[Stored entries]

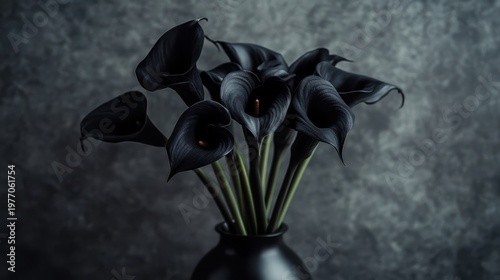 A group of black calla lilies stands in a dark vase against a gray background. The focus is on the unique shape of the flowers and their arrangement in a simple setting.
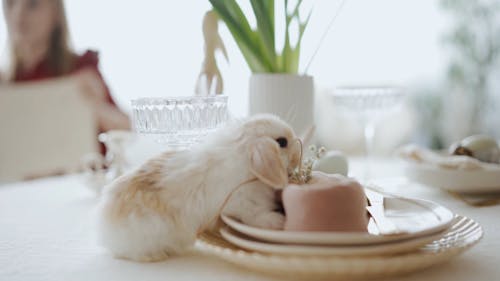 A Bunny Stepping on Plates on top of a Table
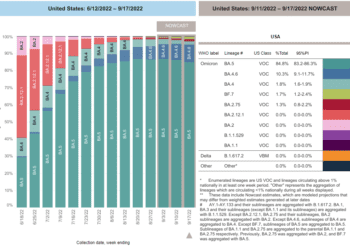 What COVID-19 variant are we on?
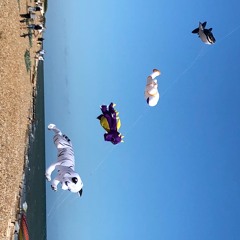 Geoff Kite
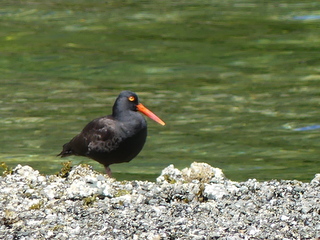 Black oystercatcher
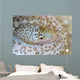Painted Moray Eel Gymnothorax Wall Decal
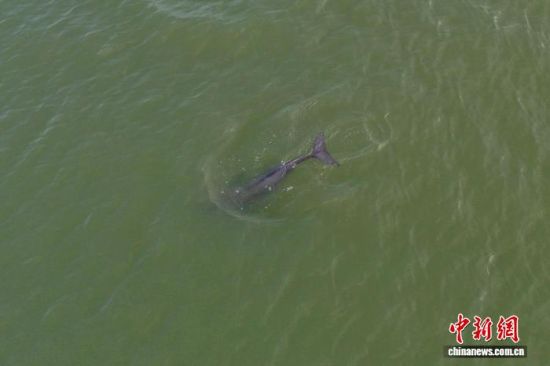 2021年9月3日,江西南昌,一只长江江豚在赣江水域畅游。中新社记者 刘占昆 摄 2021年9月3日,江西南昌,一只长江江豚在赣江水域畅游。中新社记者 刘占昆 摄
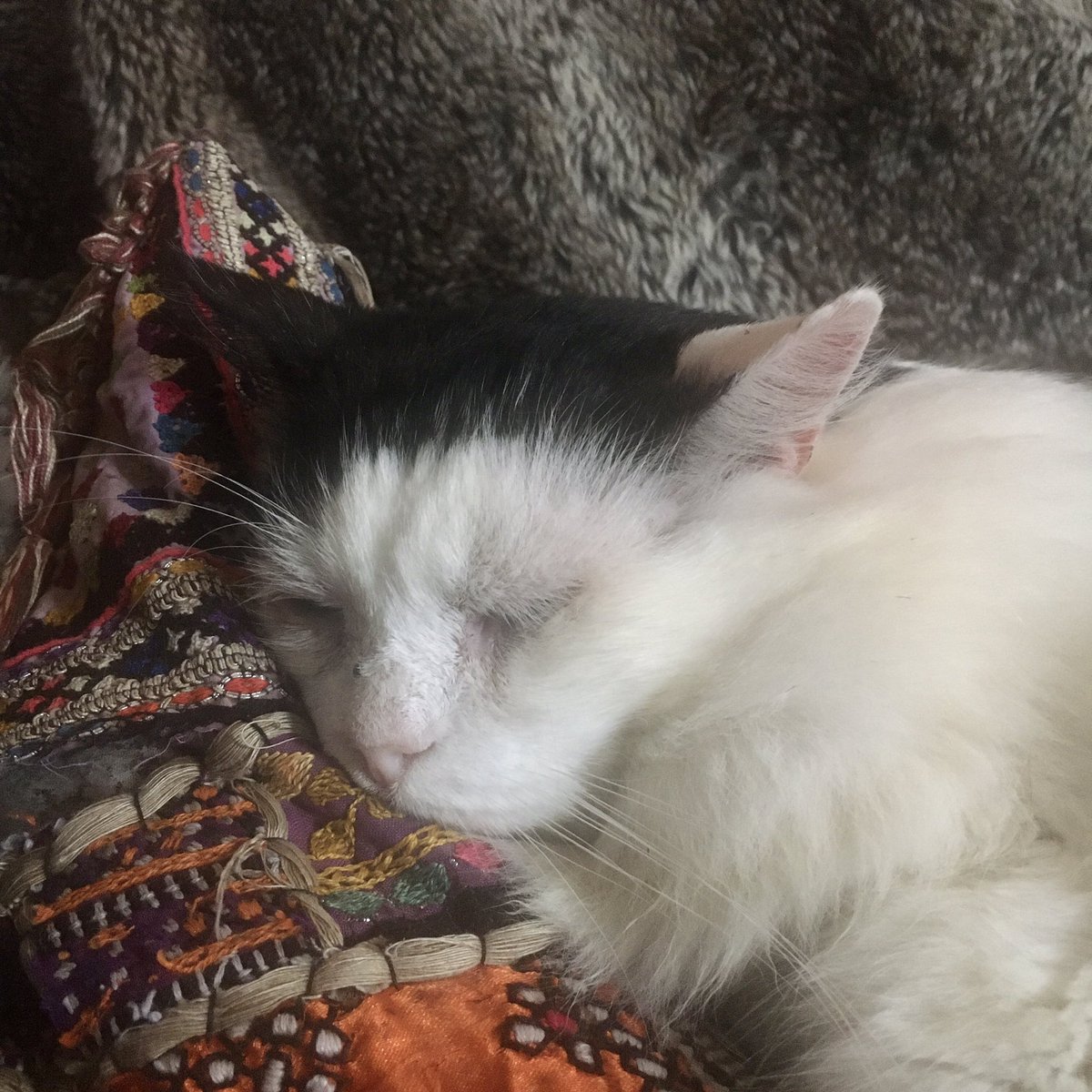 All the Christmas celebrations were so tiring! Glad my humans prepared this comfy chair for me to have a rest! 😴😸💞 #Cats #FIV #LarryFanClub #AdoptDontShop #WhiskersWednesday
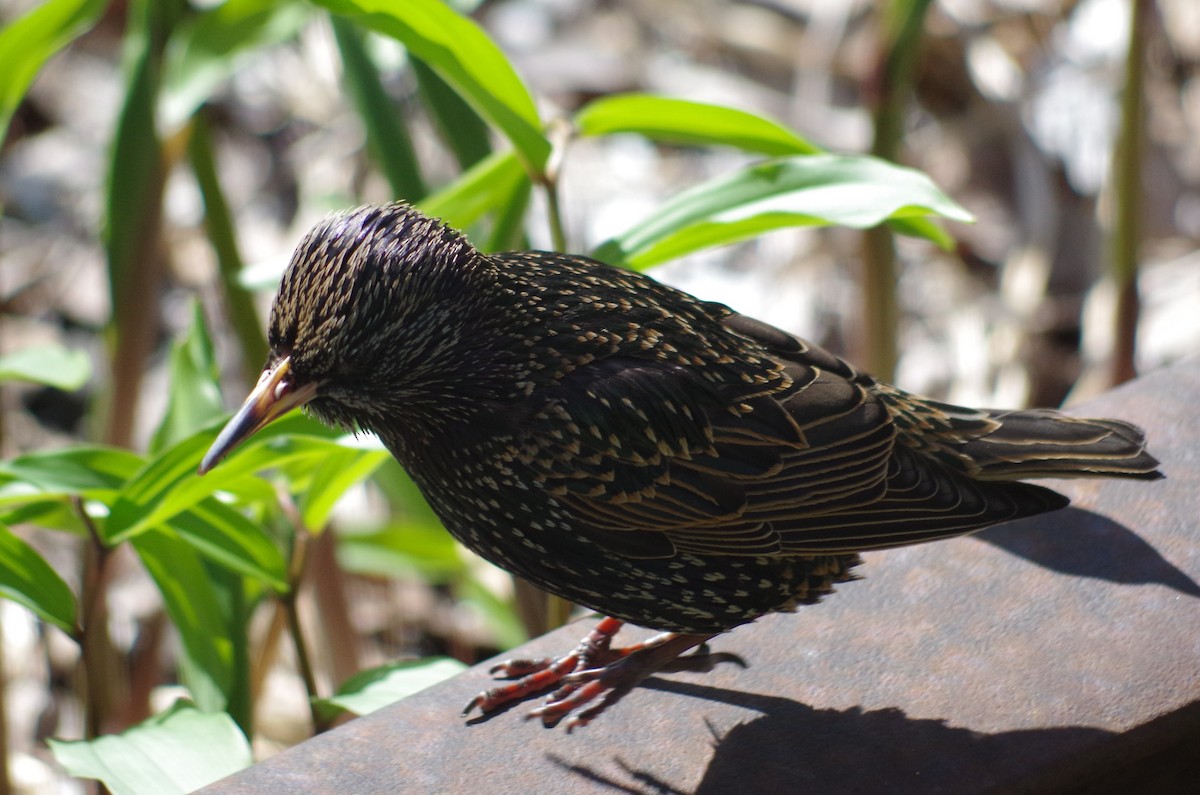 European Starling - ML634916821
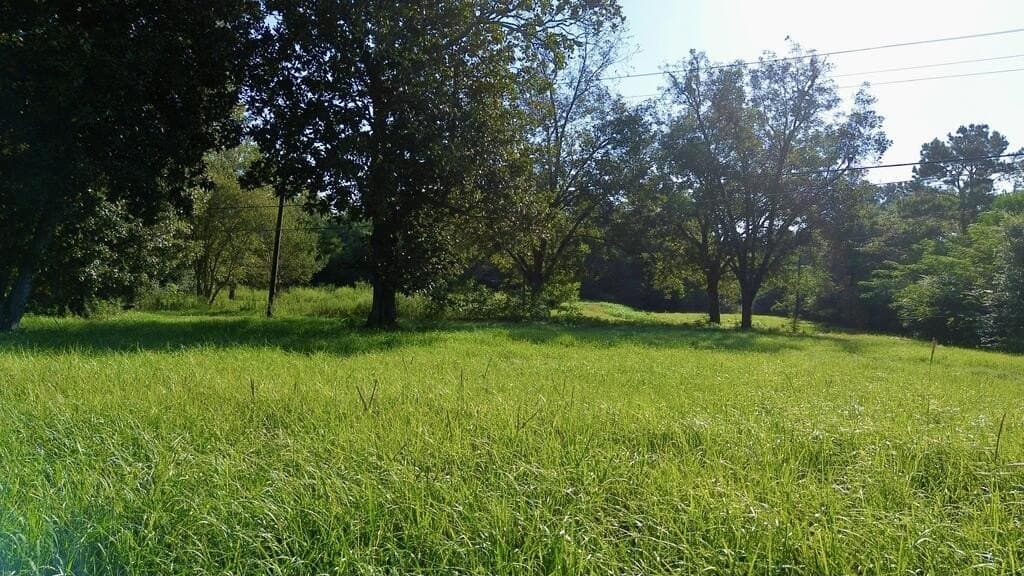 18.1 acres in Texas County - photo 15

● **ABOUT THIS TASK**
In the copy, include every entry above exactly and leave out each picture.

● **YOUR RESPONSE**
 A group of black calla lilies stands in a dark vase against a gray background. The focus is on the unique shape of the flowers and their arrangement in a simple setting.
 A Bunny Stepping on Plates on top of a Table
 What COVID-19 variant are we on?
 Geoff Kite
 Black oystercatcher
Painted Moray Eel Gymnothorax Wall Decal
 2021年9月3日,江西南昌,一只长江江豚在赣江水域畅游。中新社记者 刘占昆 摄 2021年9月3日,江西南昌,一只长江江豚在赣江水域畅游。中新社记者 刘占昆 摄
 All the Christmas celebrations were so tiring! Glad my humans prepared this comfy chair for me to have a rest! 😴😸💞 #Cats #FIV #LarryFanClub #AdoptDontShop #WhiskersWednesday
 European Starling - ML634916821
 18.1 acres in Texas County - photo 15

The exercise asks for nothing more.